Exercise requirements
You are asked to reproduce the listing exactly and to omit its pictures.

Source material
Start of Block
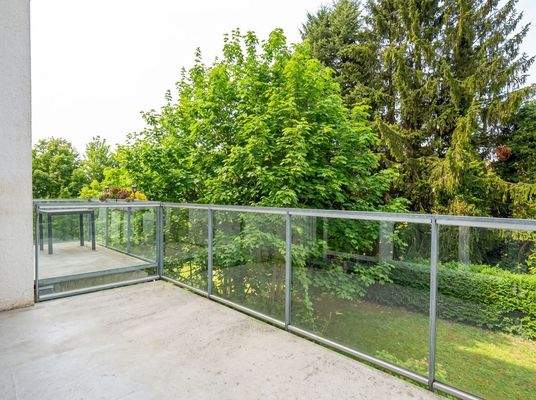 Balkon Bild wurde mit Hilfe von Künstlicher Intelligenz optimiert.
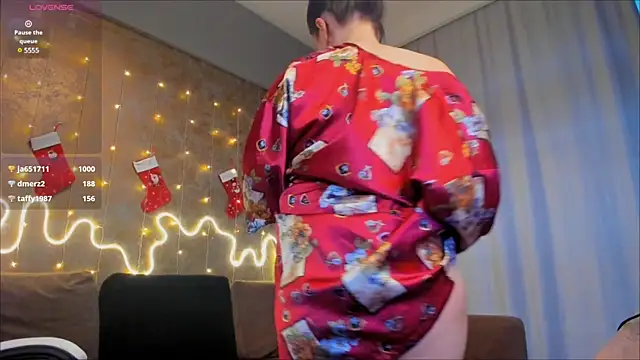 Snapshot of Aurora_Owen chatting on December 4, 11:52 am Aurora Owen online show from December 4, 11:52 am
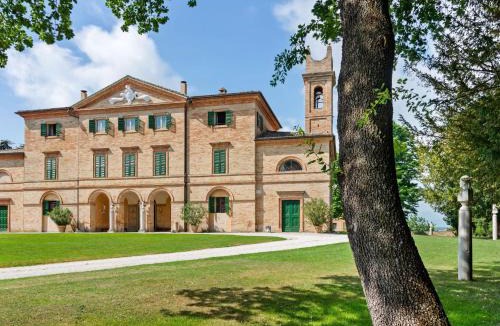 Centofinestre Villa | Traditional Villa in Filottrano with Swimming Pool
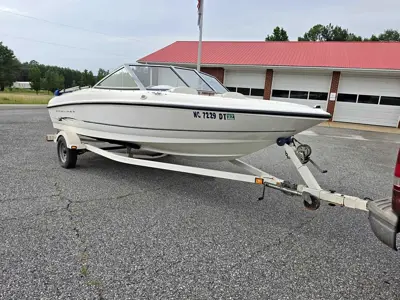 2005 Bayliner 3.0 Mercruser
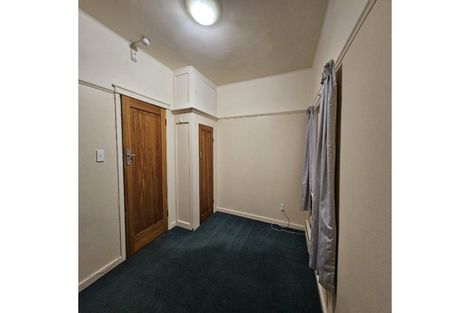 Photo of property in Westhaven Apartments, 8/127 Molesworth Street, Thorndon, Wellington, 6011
End of Block
Exercise solution
 Balkon Bild wurde mit Hilfe von Künstlicher Intelligenz optimiert.
 Snapshot of Aurora_Owen chatting on December 4, 11:52 am Aurora Owen online show from December 4, 11:52 am
 Centofinestre Villa | Traditional Villa in Filottrano with Swimming Pool
 2005 Bayliner 3.0 Mercruser
 Photo of property in Westhaven Apartments, 8/127 Molesworth Street, Thorndon, Wellington, 6011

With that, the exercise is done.